Paul describes our situation in Romans 5:6, as, “while we were still weak” or “when we were unable to help ourselves …” Which sounds a lot like Mephibosheth. He was totally helpless without David’s intervention. And Mephibosheth didn’t reach out to King David. King David reached out to him. And if David hadn’t reached out, Mephibosheth’s life never would have changed for the better.
It’s the same way with us and God. The apostle John tells us that we love God because God first loved us. He’s the one who went looking for us. We’re the ones that needed to be found. We’re the ones who were lost. So, if it were not for God reaching out and calling us into his presence, our lives never would have changed for the better.
We see in this story that David cared for Mephibosheth, met his every need for the rest of his life – basically, he treated him like his own son. We might even say David adopted him into his own household. You’ll eat at my table. I’m going to treat you like royalty. I’m going to take care of you the rest of your life. I’m going to show you kindness the rest of your life.
In the same way, you and I have been adopted into the family of God. And God treats us like royalty. He says, “I’m going to take care of you the rest of your life.”
Listen to what Paul says in Ephesians 2, “And you were dead in the trespasses and sins in which you once walked…But God, being rich in mercy, because of the great love with which he loved us, even when we were dead in our trespasses, made us alive together with Christ — by grace you have been saved — and raised us up with him and seated us with him in the heavenly places in Christ Jesus, so that in the coming ages he might show the immeasurable riches of his grace in kindness toward us in Christ Jesus.” (Ephesians 2:1,4-7)

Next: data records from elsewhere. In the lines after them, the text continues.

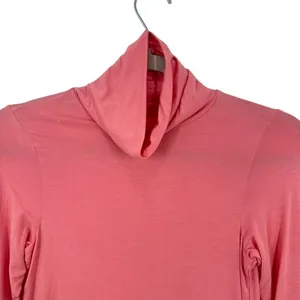 Offline by Aerie Womens Coral Pink Modal Turtleneck Long‎ Sleeve Top Thumbholes thumbnail 3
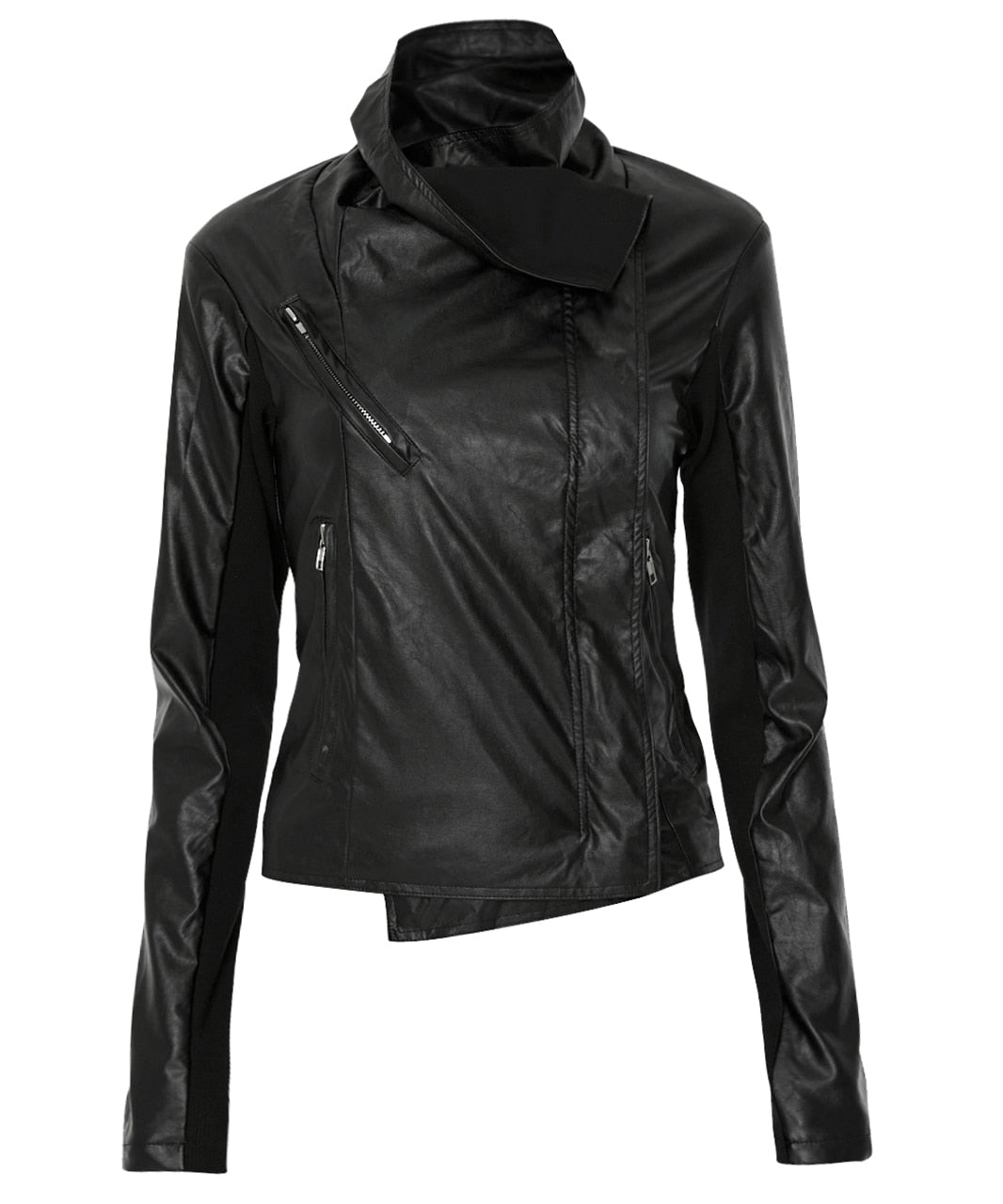 Asymmetrical Biker Leather Jacket (Black)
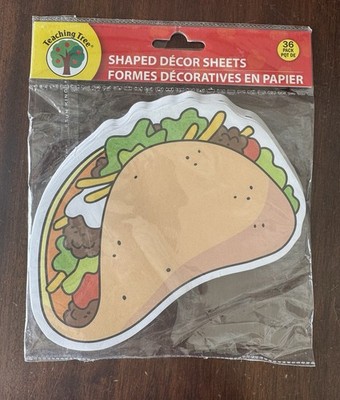 Teaching Tree Paper Shaped Decor Sheets - Taco - 36 Count NEW SEALED PKG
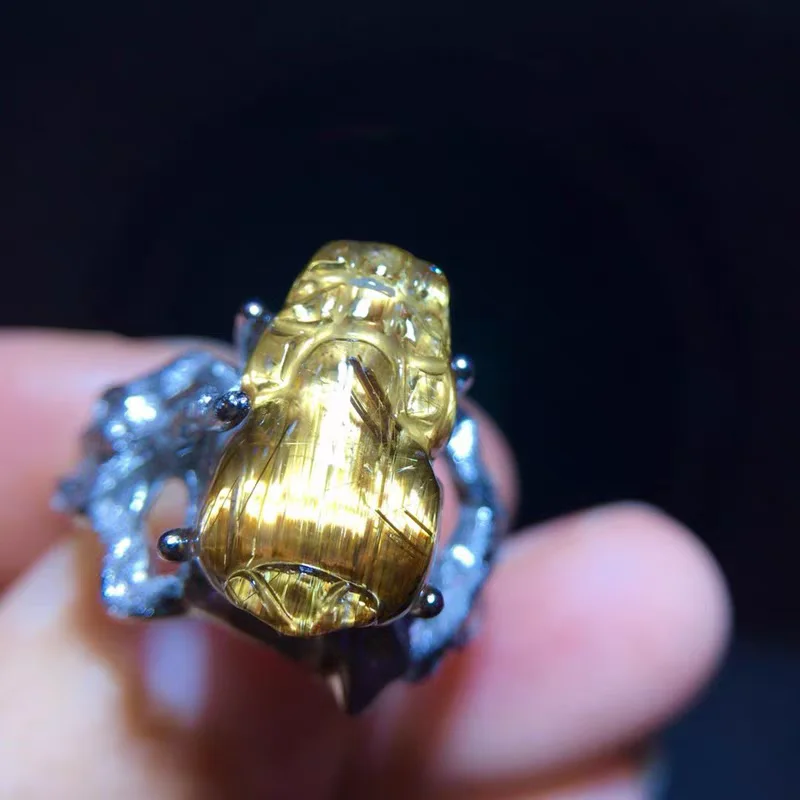 الذهب الطبيعي Rutilated الكوارتز قابل للتعديل حلقة بي شيوى 14.2/8.6 مللي متر زهرة النساء 925 الفضة الأصفر Rutilated الخرز AAAAAA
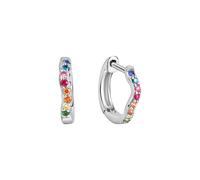 Paar Creolen VIVANCE "925 Sterling Silber rhodiniert bunte Zirkonia", weiß (weiß, bunt), Ohrringe, Damen, one-size, Silber 925 (Sterlingsilber) (84111923-0) weiß, bunt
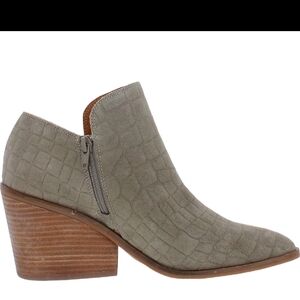 Lucky Brand Gray Croc-Embossed Ankle Boots- 6M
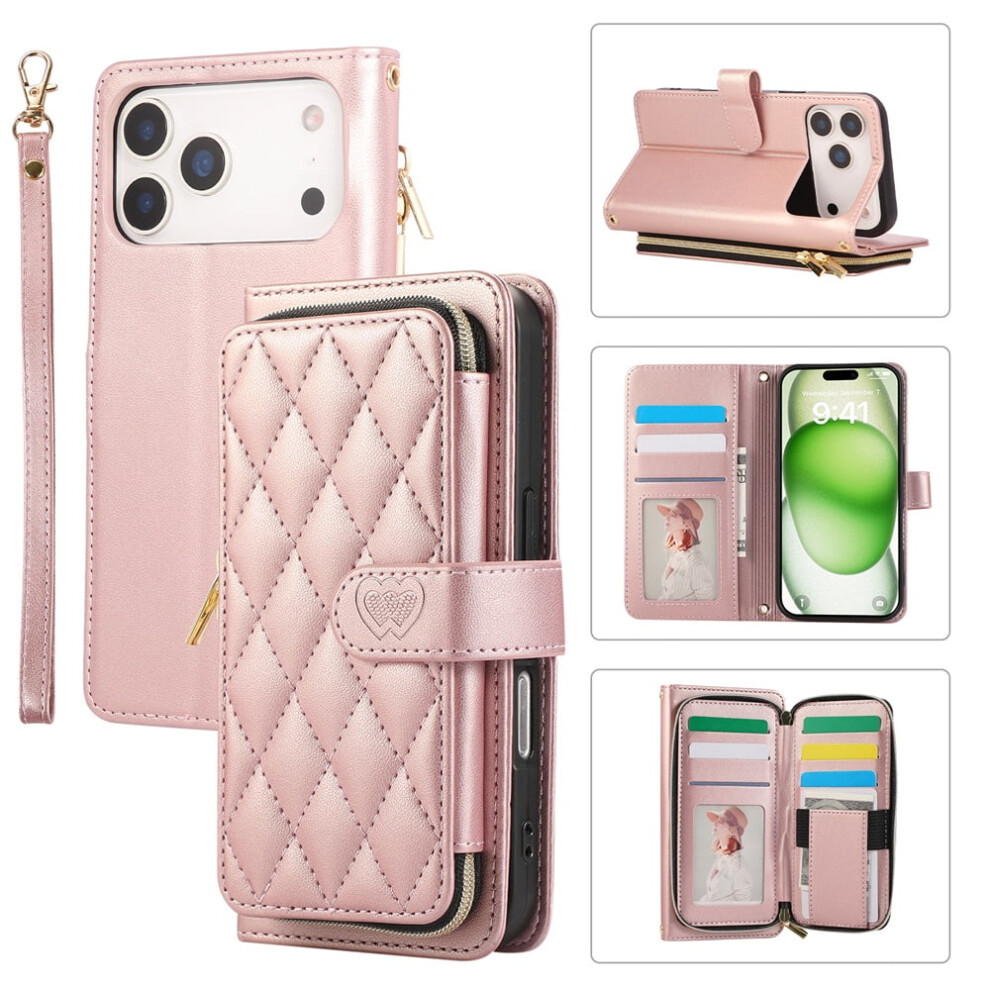 Leather Wallet Case For Iphone 17 Pro Max 6.9" With Strap 975221423351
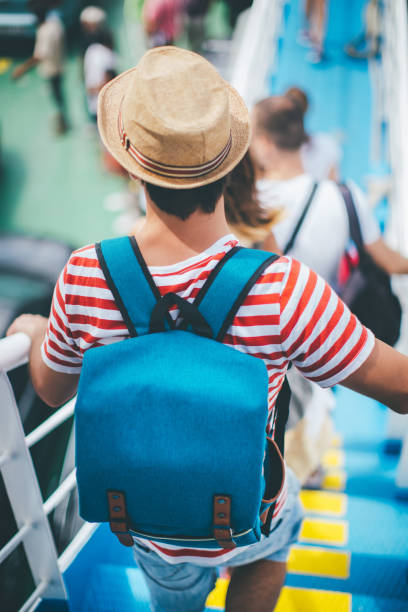 istock Hipster man traveling alone on ferry 656463888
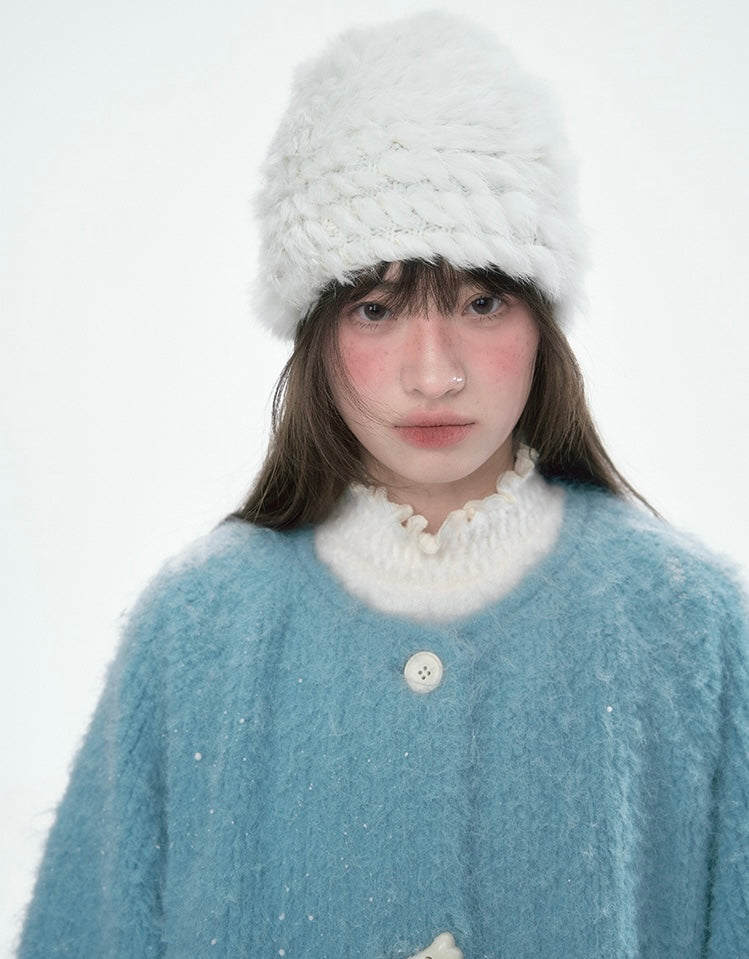 CANSTOREGIRLS Canned Goods Store women's coat 2025 winter new style color block medium length fur collar blue quilted wool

I like the way someone has paraphrased that last verse — it will take God all of eternity to show you just how much he loves you. God is going to show his kindness, his grace, his love, forever and ever.
You and I, we were crippled by the fall, permanently marred by sin. But then we were called by the king – not because of beautiful we were, but simply because of his grace. And though we may see ourselves as dead dogs, God says, “I see you as my son, my daughter.” And he invites us to take a place at his table. Though we often limp more than we walk, we take our place next to the other sinners-made-saints and we share in God’s glory. Because we are the adopted sons and daughters of the king.
But I think there’s one more important lesson to take away from this story. I think we need to see ourselves as Mephibosheth and reflect on the fact that God has shown us such great kindness. But I think we also need to see that we are called to be like David in this story, because God expects us to show kindness to others around us, even though they may not deserve it.
I love this quote that I found — “We are kind not because someone deserves kindness or because of what we get in return, but because of who we are in Christ.”
When we speak of loving kindness, the kindness of God should not just be something that flows vertically, but also flows horizontally. Yes, it flows vertically. We experience God’s love, God’s kindness, God’s grace to us, and that’s awesome.
But the question is, how does that change you? What does that kind of love and kindness do to you? God expects us to take what we have received from him and distribute it to others. We have become receivers of God’s kindness. Now we need to become sharers of his kindness.
We live in a world that is unkind and seems to be becoming more unkind every single day. So, when you take the time during your busy schedule to start thinking like David did, “Who is there out there that I could show kindness for the sake of Jesus? Do you think it would make a difference if we intentionally thought about how we could do that?
Instead of saying, “I’ll just live my life and see what happens.”, instead say, “Who could I show kindness to today, to share the kindness of God that I have received from him?” Do you suppose that might make a difference in this world? You know that it would. So, I encourage you to give some thought this week to this question — Who is there that I can I show God’s kindness to?” As you have received, freely give.